This is a similar service, but I didn't find a python package for it. Thankfully, it's pretty easy too. The following code is for python2, but you can find the python3 code on the website. The vaule that gets returned comes in the form of a dictionary as well:

{u'accuracy': 99,
 u'duration': u'26ms',
 u'gender': u'male',
 u'name': u'markus',
 u'samples': 26354}

Which I'll convert to the same keys and value types used from genderize above (eg. "probability" instead of "accuracy", "count" instead of "samples", and 0.99 instead of 99),


In [ ]:
from api_keys import genderAPI_key
import urllib2


genderAPI_dict = {}
counter = 0

for i in range(counter, len(all_names), 20):
    counter += 20 
    if counter %1000 == 0:
        print counter
    
    names = all_names[i:i+20]
    query = ";".join(names)
    
    data = json.load(urllib2.urlopen("https://gender-api.com/get?key={}&name={}".format(genderAPI_key, query)))
    for r in data['result']:
        n = r["name"]
        g = r["gender"]

        if g != u"unknown":
            p = float(r["accuracy"]) / 100
            c = r["samples"]
        else:
            p = None
            c = 0

        genderAPI_dict[n] = {"gender":g, "probability":p, "count": c}
    
    
with open("../data/pubs/genderAPI_genders.json", "w+") as outfile:
    outfile.write(json.dumps(genderAPI_dict, indent=4))

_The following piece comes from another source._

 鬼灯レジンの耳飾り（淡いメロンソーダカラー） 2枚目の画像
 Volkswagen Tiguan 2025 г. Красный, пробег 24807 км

If you want to do this without going through this notebook and you have a python2 installation, you can use the included gender_detection.py. The first argument should be genderize or genderapi depending on which method you want to use, (or if nothing, it will try to use GenderDetector). The second argument should be a path to an output file (like genders.json), and then the rest of the arguments should be the csv files output from the previous notebook. The script will pull all the names together into a set, and then use the relevant API or GenderDetector.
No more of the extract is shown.